A tal proposito, potremmo ricordare che il rafforzamento nei rispettivi paesi di forze quali Podemos e Syriza è connesso anche alle forme di prossimità che esse hanno saputo costruire con i cittadini, soprattutto con quelli appartenenti alle classi più deboli. In Italia, invece, l’implosione del sistema partitico agli inizi degli anni Novanta ha reciso le connessioni dei partiti stessi con i propri referenti sociali. La mediatizzazione e la personalizzazione della politica sono fenomeni diffusi ovunque, ma in Italia si sono accompagnati a una particolare delegittimazione degli attori intermedi che ha corroso i legami di rappresentanza e impoverito le culture politiche di riferimento. Non è un caso che un movimento lanciato quale geniale provocazione da una popolare trasmissione di Rai 3 (l’ottima “Gazebo”), denominato “Movimento Arturo”, abbia raccolto in pochi giorni più di 45.500 follower su Twitter e quasi 44.000 like su Facebook, dando vita ad un giornale on line “L’Arturita’” e a circoli “Arturo” sparsi in tutta Italia. Come spesso accade, le dimensioni giocose dell’esistenza ci dicono molto di noi. In questo caso, ci indicano una richiesta di appartenenza e condivisione che i partiti di sinistra hanno sottovalutato troppo a lungo.

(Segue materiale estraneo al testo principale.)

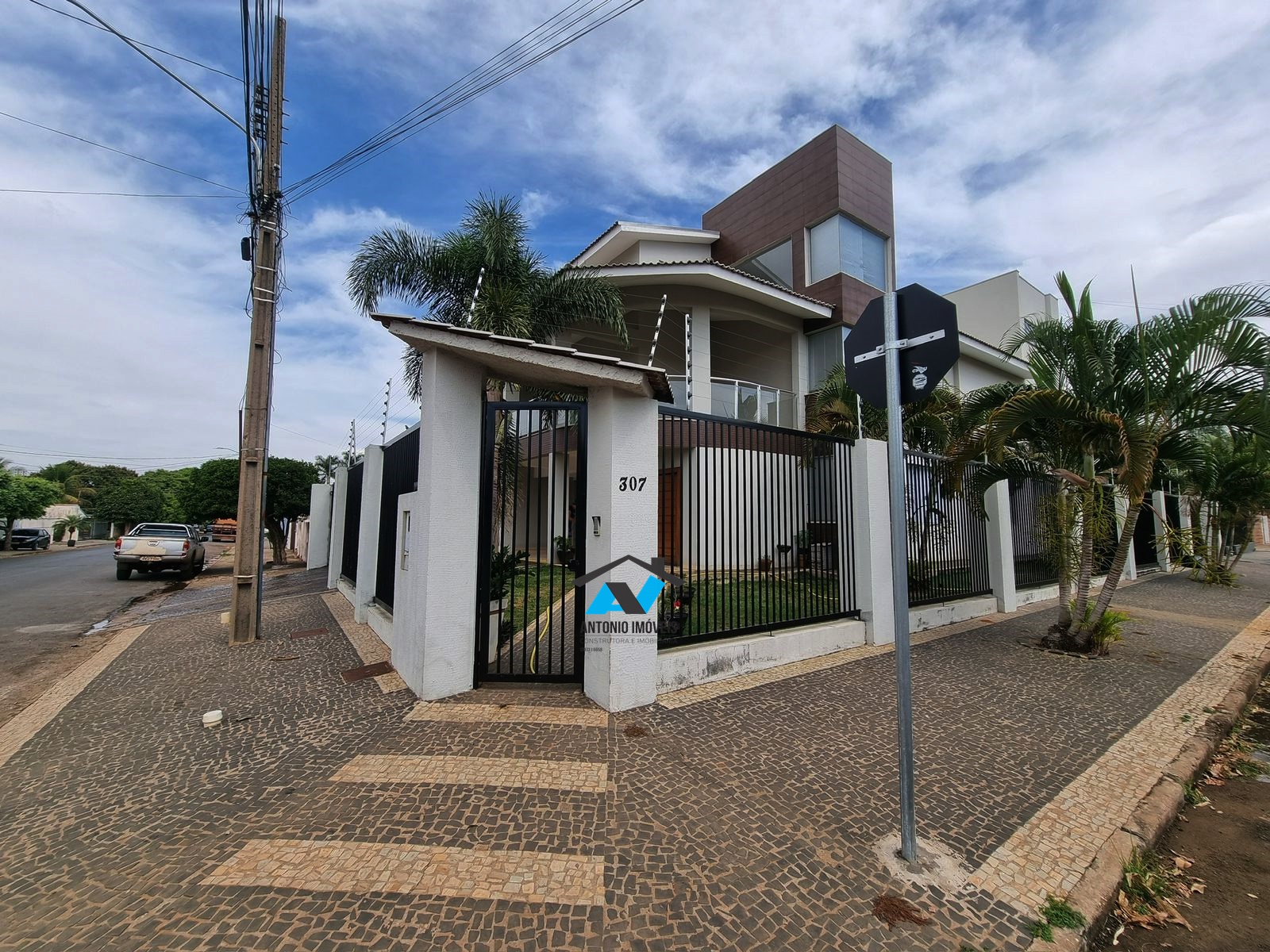 Cód. 181 – Sobrado de esquina no Bairro Castelândia com casa ao lado separada para locação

Come potremmo procedere per provare a non mortificare una volta ancora le richieste dei cittadini che si riconoscono nei valori della sinistra? Servono luoghi di confronto pacato e costruttivo, in cui condividere idee e dove la leadership sia una delle questioni in discussione e non la finalità di ogni discussione. Questa è una sfida difficile che riguarda tutti. A me sembra che Possibile, con la Costituente delle idee organizzata a Roma il 24–26 di febbraio, abbia fatto un primo passo importante. Altri dovranno seguire e altri luoghi dovranno essere edificati al fine di costruire politiche all’altezza della situazione difficile (per molti spaventevole) che caratterizza i nostri giorni.
I nostri “compagni” saranno coloro che hanno voglia di essere i nostri compagni di strada. Pertanto, l’invito deve essere rivolto agli attori sociali e anche alle altre forze politiche che condividono valori e ideali di solidarietà e uguaglianza.
Questa settimana Possibile ha deciso di unire il proprio gruppo parlamentare con Sinistra Italiana. Ieri, il segretario di Possibile, Pippo Civati, ha invitato Pierluigi Bersani a condividere questo percorso. È la strada giusta. Possibile può offrire al confronto le numerose proposte politiche presentate alla Costituente delle idee. E può aggiungere pane, salame e lambrusco, la convivialità e la semplicità che stanno caratterizzando questa comunità politica, con la sua voglia di confrontarsi e condividere idee ed esperienze per migliorare il nostro Paese. È il momento giusto per farlo. Perdere questa occasione sarebbe peggio di un errore. Sarebbe perdere noi stessi.